Zero to Production: Complete AKS Setup with Terraform and ArgoCD

If you ask ten DevOps engineers to set up a Kubernetes cluster, you’ll get ten different answers. Some will click through the Azure Portal (please don't), some will run a massive bash script, and the brave ones will use Infrastructure as Code (IaC).
But provisioning the cluster is only half the battle. A "production-ready" cluster isn't just a running control plane; it’s a platform that can self-heal, manage its own configurations, and scale without manual intervention.
In this guide, we're building a complete Azure Kubernetes Service (AKS) environment from scratch using Terraform, then implementing GitOps with ArgoCD. You'll walk away with:
- A production-ready AKS cluster provisioned through modular Terraform
- ArgoCD managing your application deployments
- A GitOps workflow that scales from development to production
- Practical patterns you can adapt for real-world projects
This is for mid-level engineers ready to think like senior engineers—where "getting it working" becomes "building systems that teams can operate reliably."
Architecture Overview
Before touching code, let's understand what we're building and why each piece matters.
The Two Layers
Our architecture separates concerns into two distinct layers:
Infrastructure Layer (Terraform): Everything required to run applications—the AKS cluster, networking, node pools, container registry, and identity management. Terraform manages this layer because infrastructure changes less frequently and requires careful change management.

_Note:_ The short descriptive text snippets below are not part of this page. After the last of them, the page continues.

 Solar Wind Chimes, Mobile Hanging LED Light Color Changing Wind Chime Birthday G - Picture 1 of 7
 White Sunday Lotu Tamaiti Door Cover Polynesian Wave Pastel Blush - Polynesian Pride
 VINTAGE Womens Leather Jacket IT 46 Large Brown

Application Layer (ArgoCD): Your workloads, services, and application configurations. ArgoCD manages this layer because applications change constantly, and you need fast, reliable deployments with easy rollbacks.
Why This Separation Matters
When infrastructure and applications live in the same deployment pipeline, you risk cascading failures. A bad application deploy shouldn't risk your cluster. A cluster upgrade shouldn't redeploy all applications. Separation gives you:
- Independent scaling: Upgrade infrastructure on a quarterly cycle, deploy applications dozens of times daily
- Clear ownership: Platform team owns Terraform, product teams own ArgoCD applications
- Blast radius control: Changes affect only their layer

Prerequisites & Setup
Azure Resources:
- Active Azure subscription
- Service Principal with Contributor access (for Terraform)

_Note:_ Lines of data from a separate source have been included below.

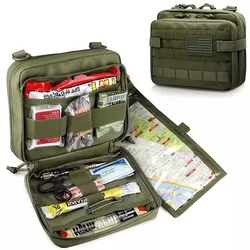 Tactical Large Admin Pouch of Double Layer Design, Molle EDC EMT Utility Pouch with Map Sleeve Modular Tool Pouch Flag Patch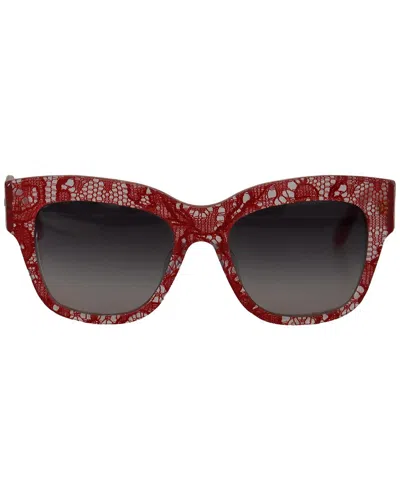 Dolce & Gabbana Red Lace Acetate Rectangle Shades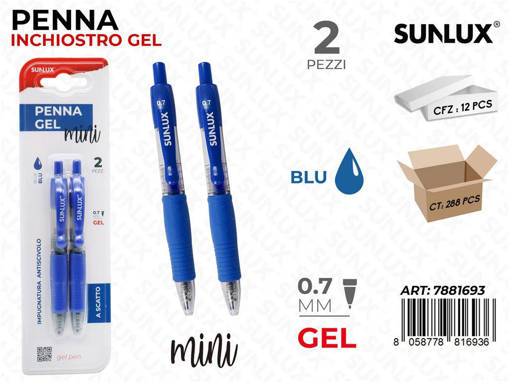 Sunlux - Penna A Scatto Gel Mini Blu 0.7Mm 2Pcs /Pz Da 12** 7881693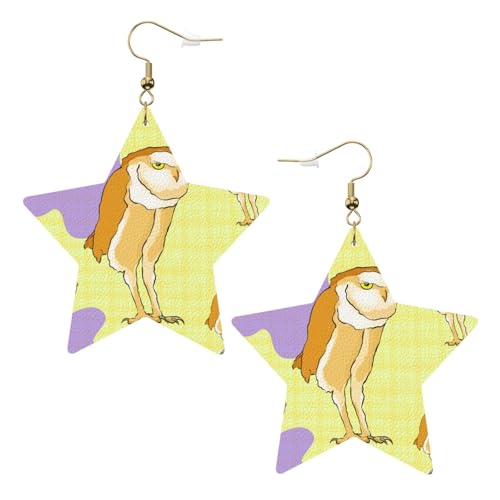 Weiße trendige Leder-Stern-Ohrringe für Frauen – stehender Eulen-Druck, baumelnder Schmuck, leicht, modisch, Creolen-Anhänger, One Size, Leder, Kein Edelstein Weiße trendige Leder-Stern-Ohrringe für Frauen – stehender Eulen-Druck, baumelnder Schmuck, leicht, modisch, Creolen-Anhänger, One Size, Leder, Kein Edelstein von JaoXer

- Resource group for Terraform state storage
Part 1: Infrastructure with Terraform
Modular Terraform: The Production Approach
We're building modules because that's how production Terraform works. Modules give you:
- Reusability: Write once, use across dev/staging/prod
- Testing: Test modules independently
- Abstraction: Hide complexity, expose only what matters
Our modules encapsulate best practices so consuming teams don't need to know every AKS detail.
The Networking Module
First, networking. AKS needs a VNet with proper subnet segmentation:
For brevity, I have linked a GitHub repo containing the Terraform code for the modules instead of adding it here.
Consuming the Modules
Now we compose these modules into an environment. Here's the dev environment:
terraform {
required_version = ">= 1.5.0"
required_providers {
azurerm = {
source = "hashicorp/azurerm"
version = "~> 3.75.0"
}
}
backend "azurerm" {
resource_group_name = "terraform-state-rg"

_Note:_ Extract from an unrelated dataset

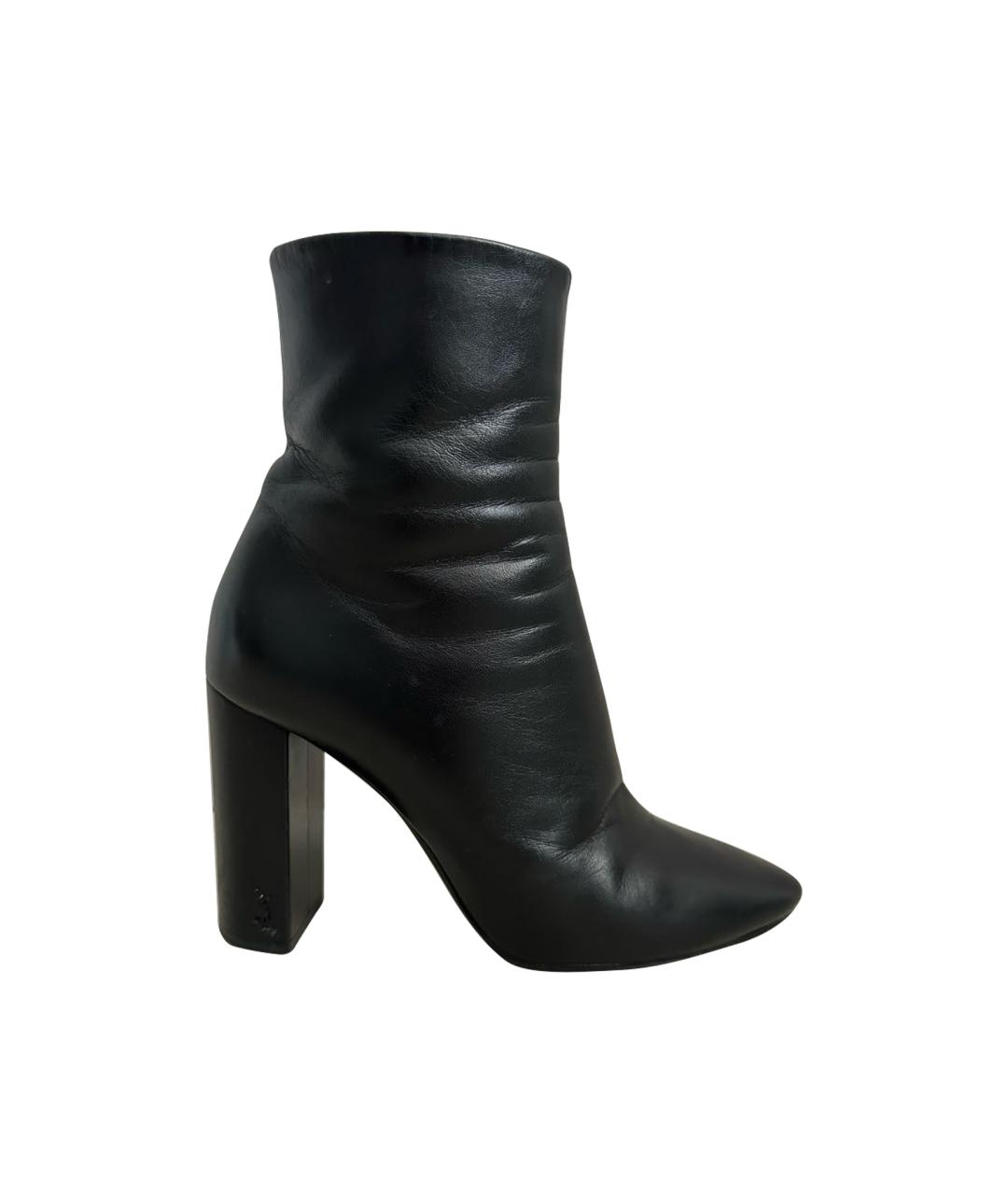SAINT LAURENT Черные кожаные ботильоны, фото 1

storage_account_name = "tfstatedevaks"
container_name = "tfstate"
key = "dev.terraform.tfstate"
}
}
provider "azurerm" {
features {
key_vault {
purge_soft_delete_on_destroy = true
}
}
}
# Resource group
resource "azurerm_resource_group" "main" {
name = var.resource_group_name
location = var.location
tags = local.common_tags
}
# Networking
module "networking" {
source = "../../modules/networking"
vnet_name = "${var.environment}-vnet"
location = azurerm_resource_group.main.location
resource_group_name = azurerm_resource_group.main.name
vnet_address_space = ["10.0.0.0/16"]
aks_subnet_address_prefix = ["10.0.1.0/24"]
appgw_subnet_address_prefix = ["10.0.2.0/24"]
tags = local.common_tags
}
# Container Registry
module "acr" {
source = "../../modules/acr"
acr_name = "${var.environment}aksacr"
location = azurerm_resource_group.main.location
resource_group_name = azurerm_resource_group.main.name
sku = "Standard"
tags = local.common_tags
}
# AKS Cluster
module "aks" {
source = "../../modules/aks"
cluster_name = "${var.environment}-aks-cluster"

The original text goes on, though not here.